Shared mode adds three guards on top of plain dual-writing. They exist because the shared store is a multi-engineer surface — a confused session pointer or a typo'd subcommand shouldn't be able to corrupt teammates' work.

Guard 1 — Cross-profile session resume is refused

/session resume <id> against a session that belongs to a different DB profile is refused with a clear error.

The model:

  • Each /ask session is bound to the DB profile that was active when it was created.
  • Resuming the session against a different DB profile would let the conversation reference catalog state that doesn't exist in the new profile, leading to confidently wrong answers.

If you really need to look at a session from another profile, use /session show --id N which is read-only.

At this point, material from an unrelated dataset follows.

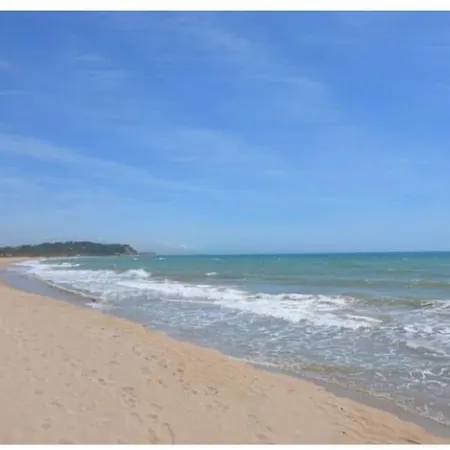 Increible Casa Junto A La Playa Сasa de vacaciones Creixell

Guard 2 — Picker confirms destructive actions

The /db/history-store picker confirms before doing anything destructive:

  • Disable — confirms before turning off dual-writes.
  • Flush pending — confirms before replaying the queued shared writes (because if the shared backend is permanently unreachable, you may want to drop the queue rather than retry).
  • Dump DDL — confirms when running against a profile that already has the schema (to prevent accidentally re-bootstrapping).

The picker default is always Status — the safest, read-only action.

The corresponding direct subcommands (amx db history-store disable, … flush-pending, … dump-ddl) skip the confirm — they're for scripts and intentional power-user use.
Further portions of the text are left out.